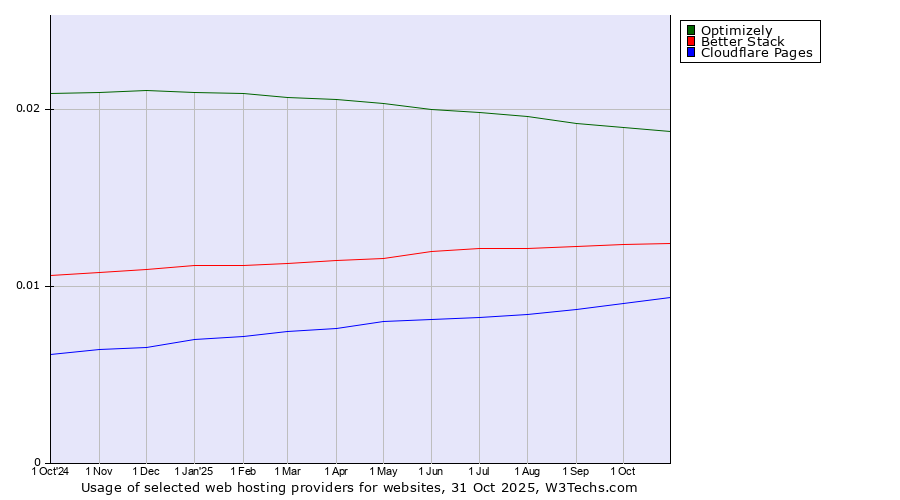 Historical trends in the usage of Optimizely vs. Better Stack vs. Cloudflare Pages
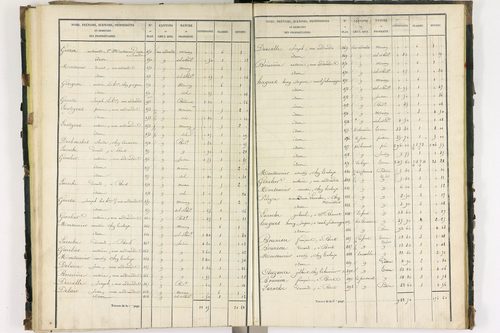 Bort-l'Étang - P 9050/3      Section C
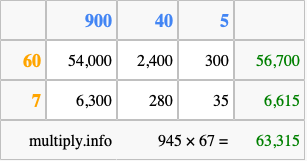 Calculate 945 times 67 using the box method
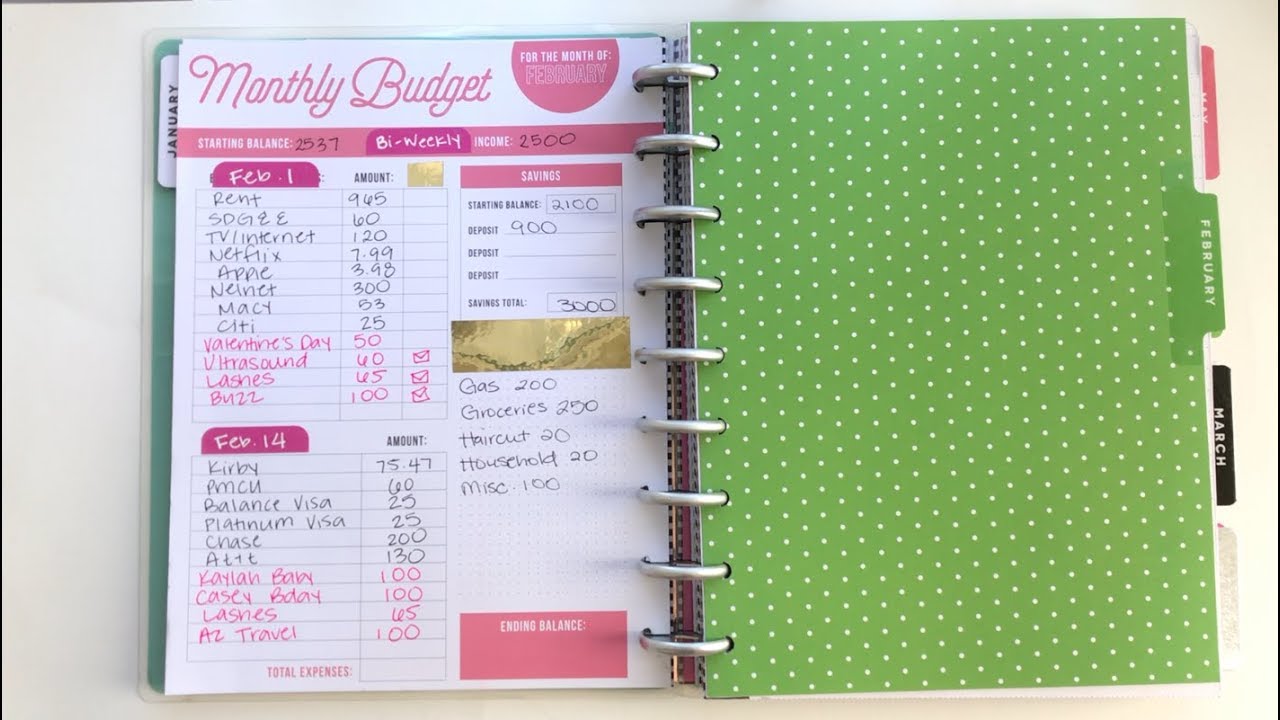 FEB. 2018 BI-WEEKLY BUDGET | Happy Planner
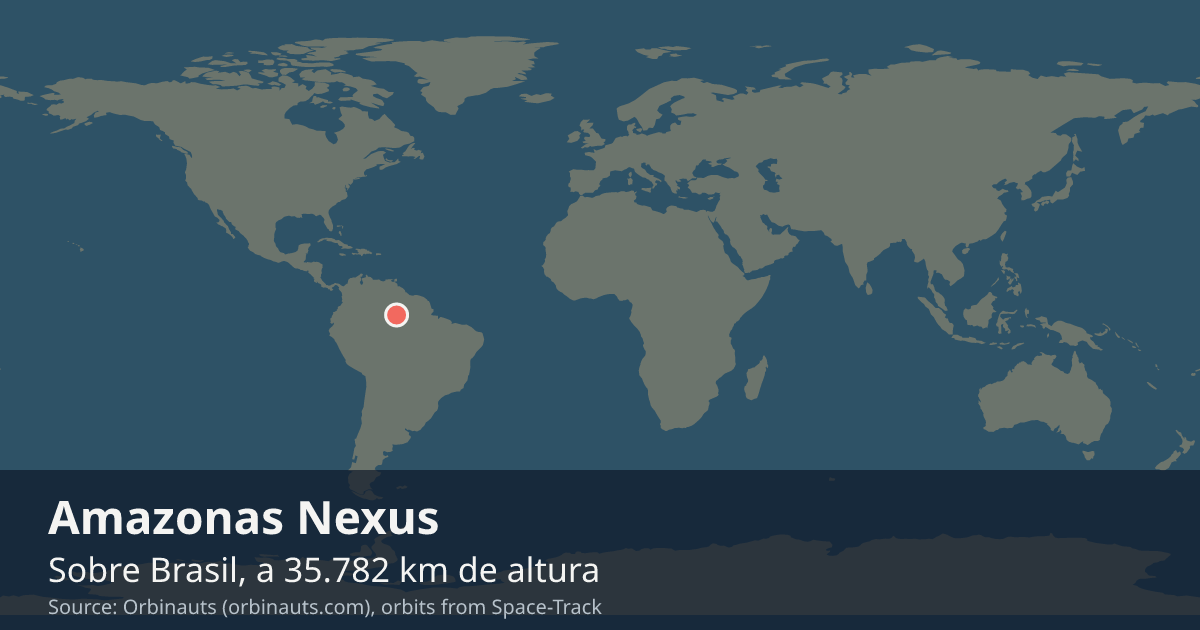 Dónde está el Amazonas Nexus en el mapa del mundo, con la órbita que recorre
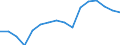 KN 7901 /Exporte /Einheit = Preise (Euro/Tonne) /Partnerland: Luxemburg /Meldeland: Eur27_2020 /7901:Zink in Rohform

Task item » In the records above, locate the line with "FEB. 2018 BI-WEEKLY BUDGET | Happy Planner"; output it and each line after it through the last one, exactly, omitting pictures.

Answer box »
 FEB. 2018 BI-WEEKLY BUDGET | Happy Planner
 Dónde está el Amazonas Nexus en el mapa del mundo, con la órbita que recorre
 KN 7901 /Exporte /Einheit = Preise (Euro/Tonne) /Partnerland: Luxemburg /Meldeland: Eur27_2020 /7901:Zink in Rohform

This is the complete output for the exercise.